### [About this task]
Please give back, exactly as written, the lines from the line with "repotting aloe vera plant" to the line with "potato_harvest_belana_2021_3_.jpg" in the listing below, leaving out all pictures.

### [Data for this exercise]
____________

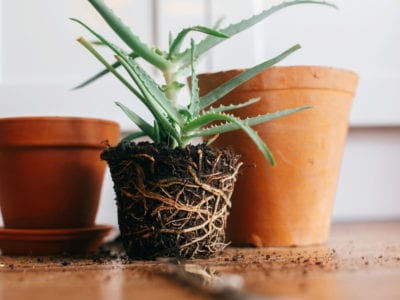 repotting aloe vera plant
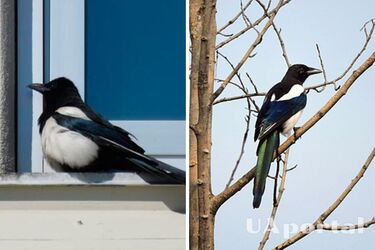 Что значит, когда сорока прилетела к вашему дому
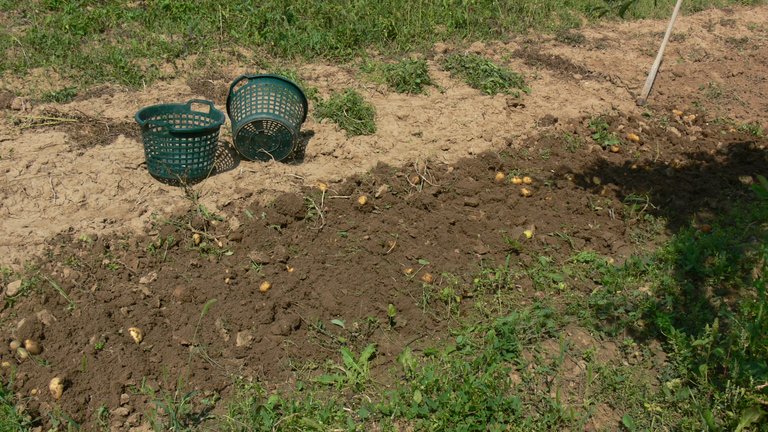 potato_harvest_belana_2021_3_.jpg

____________

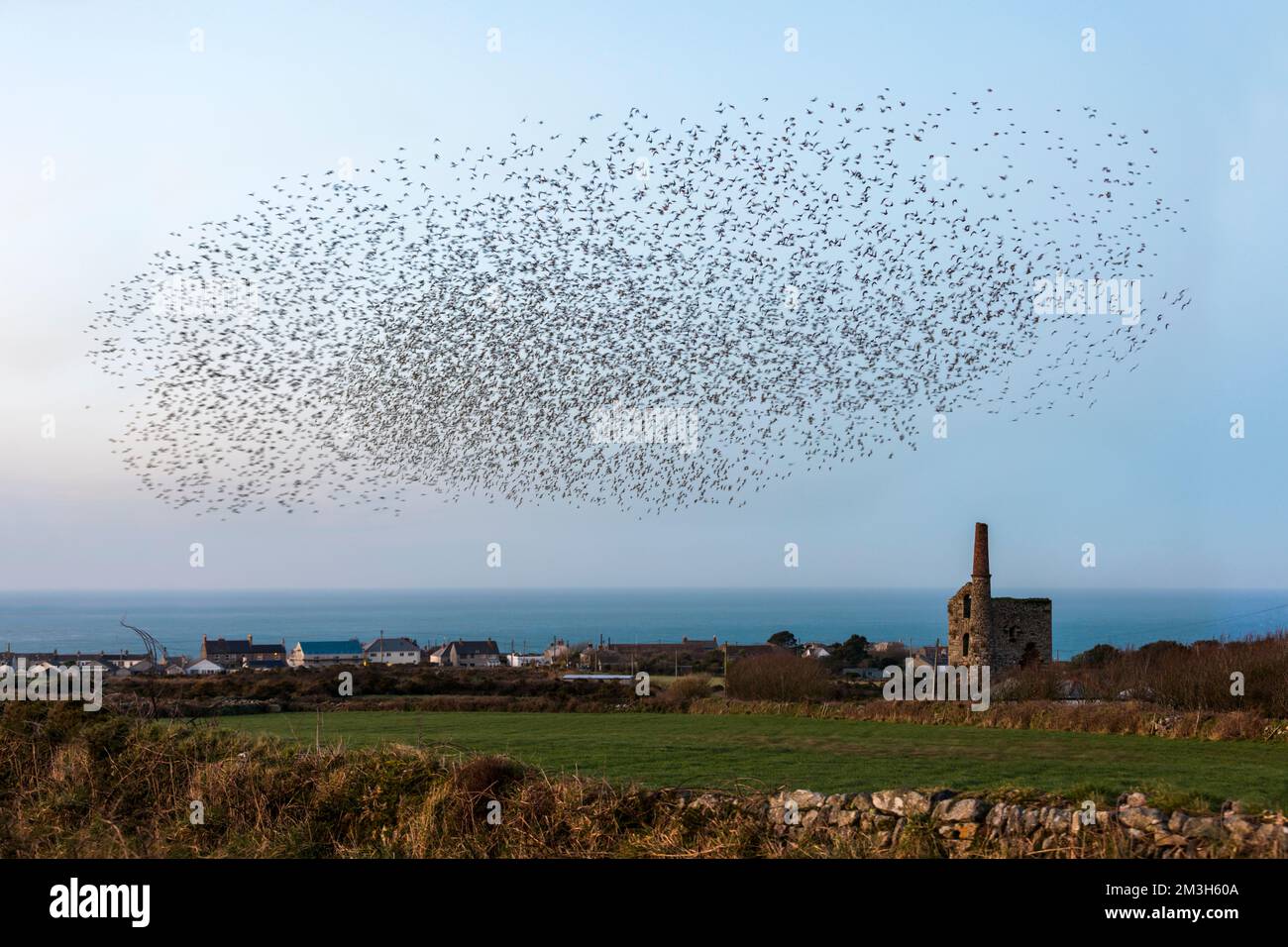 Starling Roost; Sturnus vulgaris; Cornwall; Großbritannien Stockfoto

____________

### [Answer to this problem]
 repotting aloe vera plant
 Что значит, когда сорока прилетела к вашему дому
 potato_harvest_belana_2021_3_.jpg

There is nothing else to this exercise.